TOKYO, Dec 19: A group of Japanese lawyers and professors asked on Friday that Google Inc stop providing detailed street-level images of Japanese cities on the Internet, saying they violated privacy rights.

Google’s Street View offers ground-level, 360-degree views of streets in 12 Japanese cities and is also offered for some 50 cities in the United States and certain areas in Europe.

The service allows Web users to drive down a street, in a virtual sense, using their mouse to adjust views of roadside scenery.

“We strongly suspect that what Google has been doing deeply violates a basic right that humans have,” Yasuhiko Tajima, a professor of constitutional law at Sophia University in Tokyo, said.

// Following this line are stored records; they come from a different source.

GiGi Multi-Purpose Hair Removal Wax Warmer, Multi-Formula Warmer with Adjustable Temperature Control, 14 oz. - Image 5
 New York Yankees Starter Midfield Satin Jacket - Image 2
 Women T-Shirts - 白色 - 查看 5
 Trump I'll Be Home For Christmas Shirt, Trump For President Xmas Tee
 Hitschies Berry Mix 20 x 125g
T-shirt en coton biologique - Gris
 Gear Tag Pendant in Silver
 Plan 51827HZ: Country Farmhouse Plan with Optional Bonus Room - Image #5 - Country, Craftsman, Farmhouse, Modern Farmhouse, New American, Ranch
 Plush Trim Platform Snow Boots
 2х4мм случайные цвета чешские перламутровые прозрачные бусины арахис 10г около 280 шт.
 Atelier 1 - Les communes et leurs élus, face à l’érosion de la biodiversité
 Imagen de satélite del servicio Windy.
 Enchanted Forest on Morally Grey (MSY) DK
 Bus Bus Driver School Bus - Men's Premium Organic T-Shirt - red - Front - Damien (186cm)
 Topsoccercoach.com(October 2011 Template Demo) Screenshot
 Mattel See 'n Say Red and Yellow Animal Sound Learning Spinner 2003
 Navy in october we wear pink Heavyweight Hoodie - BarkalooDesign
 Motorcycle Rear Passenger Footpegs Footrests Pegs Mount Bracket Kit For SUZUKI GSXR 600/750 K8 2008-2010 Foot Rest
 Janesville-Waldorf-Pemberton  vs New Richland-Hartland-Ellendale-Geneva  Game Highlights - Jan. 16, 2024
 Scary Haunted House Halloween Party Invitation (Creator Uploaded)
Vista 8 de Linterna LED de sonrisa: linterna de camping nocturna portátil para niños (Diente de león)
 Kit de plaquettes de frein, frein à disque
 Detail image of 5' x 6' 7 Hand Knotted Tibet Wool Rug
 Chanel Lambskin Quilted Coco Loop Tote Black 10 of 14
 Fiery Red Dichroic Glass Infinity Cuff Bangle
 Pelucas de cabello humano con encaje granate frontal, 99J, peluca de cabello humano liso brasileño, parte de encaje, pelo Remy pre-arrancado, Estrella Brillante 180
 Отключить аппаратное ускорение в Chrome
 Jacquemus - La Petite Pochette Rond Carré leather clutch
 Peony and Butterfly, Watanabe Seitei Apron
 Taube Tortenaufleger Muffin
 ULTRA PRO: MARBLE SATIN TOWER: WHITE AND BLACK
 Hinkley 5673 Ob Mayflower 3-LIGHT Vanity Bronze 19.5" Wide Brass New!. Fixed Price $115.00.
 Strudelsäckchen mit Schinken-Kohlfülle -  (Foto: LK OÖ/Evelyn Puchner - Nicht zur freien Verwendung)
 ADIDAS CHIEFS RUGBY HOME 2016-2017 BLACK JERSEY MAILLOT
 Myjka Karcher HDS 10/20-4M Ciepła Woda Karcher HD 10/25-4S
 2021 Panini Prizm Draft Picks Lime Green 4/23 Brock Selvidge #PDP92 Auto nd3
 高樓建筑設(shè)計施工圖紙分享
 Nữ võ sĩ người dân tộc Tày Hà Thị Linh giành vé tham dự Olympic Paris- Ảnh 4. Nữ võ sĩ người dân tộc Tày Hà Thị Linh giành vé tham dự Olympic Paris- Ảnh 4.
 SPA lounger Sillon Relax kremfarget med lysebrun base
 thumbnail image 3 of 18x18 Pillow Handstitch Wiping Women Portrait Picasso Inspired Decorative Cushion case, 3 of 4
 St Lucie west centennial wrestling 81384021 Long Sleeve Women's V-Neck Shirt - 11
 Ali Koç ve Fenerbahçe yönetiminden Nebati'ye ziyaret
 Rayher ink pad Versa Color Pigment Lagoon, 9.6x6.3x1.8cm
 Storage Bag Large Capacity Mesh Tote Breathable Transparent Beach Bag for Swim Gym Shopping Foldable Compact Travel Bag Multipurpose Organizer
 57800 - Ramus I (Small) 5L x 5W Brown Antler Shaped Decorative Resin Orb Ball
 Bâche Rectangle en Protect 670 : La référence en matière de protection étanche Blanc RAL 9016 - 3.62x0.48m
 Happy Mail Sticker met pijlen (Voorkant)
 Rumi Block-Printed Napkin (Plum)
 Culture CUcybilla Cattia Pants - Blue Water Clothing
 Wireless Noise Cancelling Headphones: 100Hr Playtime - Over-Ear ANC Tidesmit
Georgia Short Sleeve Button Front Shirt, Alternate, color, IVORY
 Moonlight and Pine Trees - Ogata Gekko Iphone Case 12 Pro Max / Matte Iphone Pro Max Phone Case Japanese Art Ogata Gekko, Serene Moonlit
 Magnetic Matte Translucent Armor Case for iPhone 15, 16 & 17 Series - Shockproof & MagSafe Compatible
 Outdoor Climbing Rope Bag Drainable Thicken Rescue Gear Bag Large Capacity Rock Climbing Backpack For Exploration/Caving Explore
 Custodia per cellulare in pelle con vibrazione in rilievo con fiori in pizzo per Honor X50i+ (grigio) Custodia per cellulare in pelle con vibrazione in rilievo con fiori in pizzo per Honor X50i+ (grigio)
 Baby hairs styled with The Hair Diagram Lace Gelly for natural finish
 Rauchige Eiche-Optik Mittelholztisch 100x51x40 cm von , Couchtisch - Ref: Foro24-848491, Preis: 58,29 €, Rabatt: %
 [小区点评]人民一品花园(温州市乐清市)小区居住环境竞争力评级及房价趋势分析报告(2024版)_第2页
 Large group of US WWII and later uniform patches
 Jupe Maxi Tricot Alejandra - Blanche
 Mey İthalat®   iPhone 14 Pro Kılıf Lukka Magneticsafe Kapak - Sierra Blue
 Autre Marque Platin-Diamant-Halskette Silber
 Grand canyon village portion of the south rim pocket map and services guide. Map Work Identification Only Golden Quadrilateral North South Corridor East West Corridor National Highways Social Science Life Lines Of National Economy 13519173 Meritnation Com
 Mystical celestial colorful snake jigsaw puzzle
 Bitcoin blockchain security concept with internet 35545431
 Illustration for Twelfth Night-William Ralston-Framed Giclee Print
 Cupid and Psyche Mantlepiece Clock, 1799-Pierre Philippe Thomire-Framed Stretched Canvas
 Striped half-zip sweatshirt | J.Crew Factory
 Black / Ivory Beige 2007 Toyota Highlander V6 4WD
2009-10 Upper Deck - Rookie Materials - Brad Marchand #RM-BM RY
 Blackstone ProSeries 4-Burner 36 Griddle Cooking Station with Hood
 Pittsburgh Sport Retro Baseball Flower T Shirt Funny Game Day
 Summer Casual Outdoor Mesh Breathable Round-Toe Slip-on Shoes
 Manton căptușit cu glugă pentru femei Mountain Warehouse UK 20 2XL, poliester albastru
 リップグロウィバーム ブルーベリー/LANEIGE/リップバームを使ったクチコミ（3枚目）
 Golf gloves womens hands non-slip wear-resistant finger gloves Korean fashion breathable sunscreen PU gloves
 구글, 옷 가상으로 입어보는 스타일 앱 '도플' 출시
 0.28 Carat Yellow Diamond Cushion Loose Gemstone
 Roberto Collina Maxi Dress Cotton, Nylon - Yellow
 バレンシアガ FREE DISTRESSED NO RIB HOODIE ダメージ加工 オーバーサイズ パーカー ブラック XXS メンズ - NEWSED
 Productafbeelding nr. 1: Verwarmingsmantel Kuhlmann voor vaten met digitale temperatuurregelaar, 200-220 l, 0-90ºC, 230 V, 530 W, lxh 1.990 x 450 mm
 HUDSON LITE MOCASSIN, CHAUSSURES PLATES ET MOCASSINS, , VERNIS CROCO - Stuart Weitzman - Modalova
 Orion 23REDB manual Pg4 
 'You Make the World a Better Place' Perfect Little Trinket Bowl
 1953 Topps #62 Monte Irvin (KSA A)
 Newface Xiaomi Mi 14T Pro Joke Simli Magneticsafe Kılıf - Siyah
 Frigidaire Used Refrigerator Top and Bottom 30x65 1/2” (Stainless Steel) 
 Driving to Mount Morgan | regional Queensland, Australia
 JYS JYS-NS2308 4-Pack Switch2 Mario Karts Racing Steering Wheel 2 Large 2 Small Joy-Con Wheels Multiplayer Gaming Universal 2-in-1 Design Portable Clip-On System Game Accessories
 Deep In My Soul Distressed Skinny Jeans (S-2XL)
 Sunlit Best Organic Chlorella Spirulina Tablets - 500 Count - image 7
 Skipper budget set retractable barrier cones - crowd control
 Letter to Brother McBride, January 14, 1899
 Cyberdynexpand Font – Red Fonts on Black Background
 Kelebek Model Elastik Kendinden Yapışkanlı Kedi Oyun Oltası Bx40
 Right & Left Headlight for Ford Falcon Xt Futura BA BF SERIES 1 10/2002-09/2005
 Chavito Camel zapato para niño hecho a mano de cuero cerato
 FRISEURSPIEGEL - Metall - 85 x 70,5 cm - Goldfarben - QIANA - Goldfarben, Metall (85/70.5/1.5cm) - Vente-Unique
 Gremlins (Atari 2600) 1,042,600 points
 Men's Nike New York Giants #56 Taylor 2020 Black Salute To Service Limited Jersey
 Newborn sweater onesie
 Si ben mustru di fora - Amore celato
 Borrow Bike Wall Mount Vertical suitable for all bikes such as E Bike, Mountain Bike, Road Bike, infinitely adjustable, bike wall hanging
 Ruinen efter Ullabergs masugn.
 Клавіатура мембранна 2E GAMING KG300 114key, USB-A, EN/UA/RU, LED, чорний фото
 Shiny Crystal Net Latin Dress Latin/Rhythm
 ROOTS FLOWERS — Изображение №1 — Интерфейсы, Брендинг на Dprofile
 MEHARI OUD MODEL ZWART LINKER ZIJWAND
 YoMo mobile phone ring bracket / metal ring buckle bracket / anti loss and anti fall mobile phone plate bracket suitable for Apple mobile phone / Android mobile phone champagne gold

“It is necessary to warn society that an IT giant is openly violating privacy rights, which are important rights that the citizens have, through this service.”

The Campaign Against Surveillance Society, a Japanese civilian group that Tajima heads, wants Google to stop providing its Street View service of Japanese cities and delete all saved images.

Google’s office in Tokyo was unable to comment immediately.

Privacy concerns about Google’s service have grown in Japanese media, especially after some people discovered their images on Street View.

Similar concerns have been raised in other parts of the world, including the US and Europe.

In one case, a woman was shown sunbathing and in another a man was pictured exiting a strip club in San Francisco.